During 1979, Security Policy Meetings chaired by Sir Maurice Oldfield considered introducing a specific offence of bypassing a road-block in conjunction with a programme of border road closures.

Selective closures were seen as an alternative to controlling the full length of the border by an 'impractical' physical barrier or by 'massive reinforcement far beyond the Army's capacity.' They also offered 'the political advantage of being seen to take positive, constructive action.'

 The proposal was strongly supported by the Commander Land Forces, General James Glover, who believed that crossing closures were pointless without legal support. In August 1979, he wrote:

Reaction will probably be very disparate coming from three elements of the community, namely:

(1) Vociferous condemnation from those Republicans who resent the terrorist's wings being clipped and from smugglers who see a threat to their traditional livelihood.

(2) Widespread support from the Loyalists, and possibly the more moderate Catholics, who welcome a positive step in the fight against terrorism.

(3) Objections from a mixed bag of local farmers and traders who would be put to some inconvenience by the closures.

Glover's superior, Lt General Timothy Creasy, also favoured the proposals, even though he told the Northern Ireland Office:

A further problem we must face up to is that any really effective control of cross border traffic to eliminate terrorist movement and resupply would bring cross border traffic and trade to a virtual halt. I doubt if this would be acceptable politically and I believe the terrorists would redirect their supply system into the ship-borne container traffic, and this would present us with yet another major problem.

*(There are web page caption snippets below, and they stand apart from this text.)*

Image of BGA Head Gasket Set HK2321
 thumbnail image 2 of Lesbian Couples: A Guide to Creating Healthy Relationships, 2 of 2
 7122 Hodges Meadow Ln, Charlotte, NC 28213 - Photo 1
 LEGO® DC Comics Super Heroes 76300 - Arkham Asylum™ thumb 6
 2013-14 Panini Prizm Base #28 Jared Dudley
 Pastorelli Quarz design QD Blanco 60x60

In February 1980, I. M. Burns of the Northern Ireland Office noted 'this offence would of course be impossible to enforce completely in dangerous border areas' and that 'enforcement of this law on residents of the Irish Republic would be difficult.' He nevertheless recommended going ahead with the law if it could be quietly included within a larger bill.

The law would have required ancillary offences such as 'permitting one's land to be used for illegal border crossings' and constructing 'alternative crossing points with the intention of their being used to facilitate illegal crossings'.

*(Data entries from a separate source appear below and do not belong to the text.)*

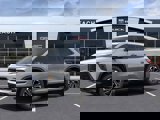 New 2025 Buick Enclave Sport Touring w/ Power Package image 2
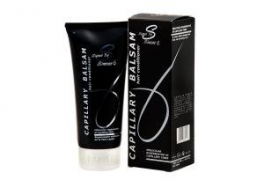 Divination Simone DeLuxe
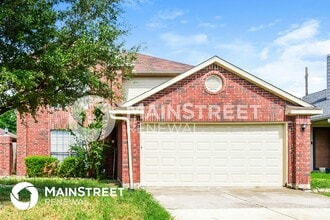 Building Photo - 6820 Moccasin Dr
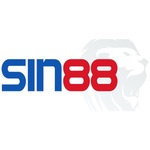 SIN88 is swapping clothes online from 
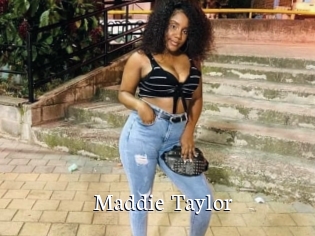 Maddie_Taylor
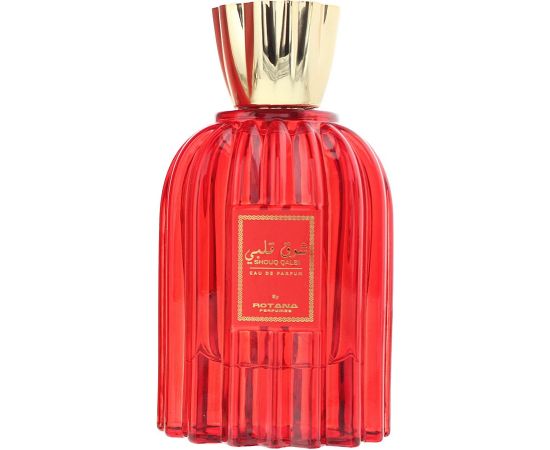 Rotana, Shaghaf, Eau De Parfum, Unisex, 100 ml Духи и косметика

At the same time, and rather in tension with this, exemptions would have been required for 'those who own land straddling the border' and 'people working on such land.'

Echoing more recent comments by the PSNI, the RUC were rather less sanguine than the Army about the benefits of border closures. A police assessment stated:

..in areas where the population is totally RC closures tend to be regarded as a form of collective punishment and/or imposed politics which should be resisted.

Our past experience of obstructing Border roads indicated that the efficacy of the security purpose was considerably eroded and discredited. The 'blowing up' operations set off a chain of determined emotional protest along many points of the Border. Most of it, but not all, was orchestrated. There were numerous in-situ defiance demonstrations, including the use of heavy machinery to remove obstacles or fill in craters. Many impassables were quickly circumvented or rendered passable again. While this was happening the Security Forces were faced with protesters milling round both sides of the Border, giving the incidents a delicate international dimension. Resolute preventive action in the face of such determined confrontation had obvious ingredients of counter-productivity. In addition there was the danger of exposure to sniper fire.

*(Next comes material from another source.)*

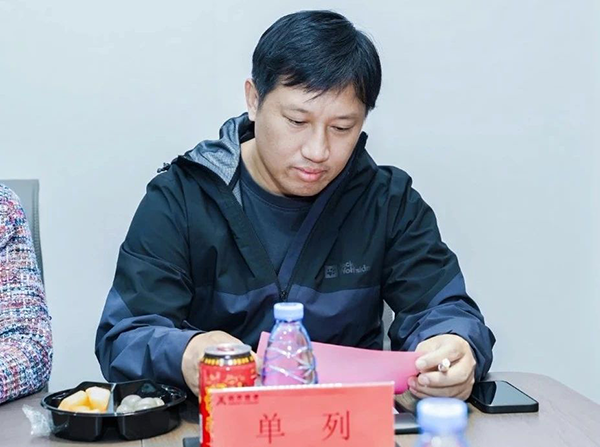 龙八- long8(国际)唯一官方网站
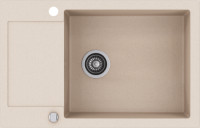 Kernau KGS H 6078 1B1D Sand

A remark by A.E. Huckle in July 1979 suggested that the reaction of moderate nationalists was not necessarily the one anticipated by General Glover:

The SDLP and others can hardly attack us with justification on the principle of making their illegal traffic more difficult, but they can do so on the method.

Clearly, conditions today are very different from the height of the Troubles. That might, however, actually make imposing a hard border in some ways more difficult.

It is clear from the above, that much resistance to the border during the Troubles took the form of non-violent direct action, from simply crossing illegally to building routes and removing obstacles, and it wasn't only republicans involved in it. A more peaceful environment might actually facilitate such activity, and attempting to criminalise it would risk a major backward step in the relationship between the PSNI and border communities.

When they have acknowledged these realities, British Ministers have tended to advocate either toleration of small scale smuggling, or what amounts to the same thing, a customs exemption for small businesses.

This is arguably an attempt to bat the problem back to the EU, which will not want to accept an unpoliced customs frontier for the single market, not least because selective enforcement might actually advantage organised smugglers.

The practicalities may yet bring the debate back to a sea border. In that context, it is worth noting that the Brexiteers who have set their face against a customs frontier between Britain and Northern Ireland, don't necessarily feel the same way about one between Ireland and the rest of the EU.

That may be their next gambit, although there is no sign so far of any crack in EU solidarity that would facilitate it.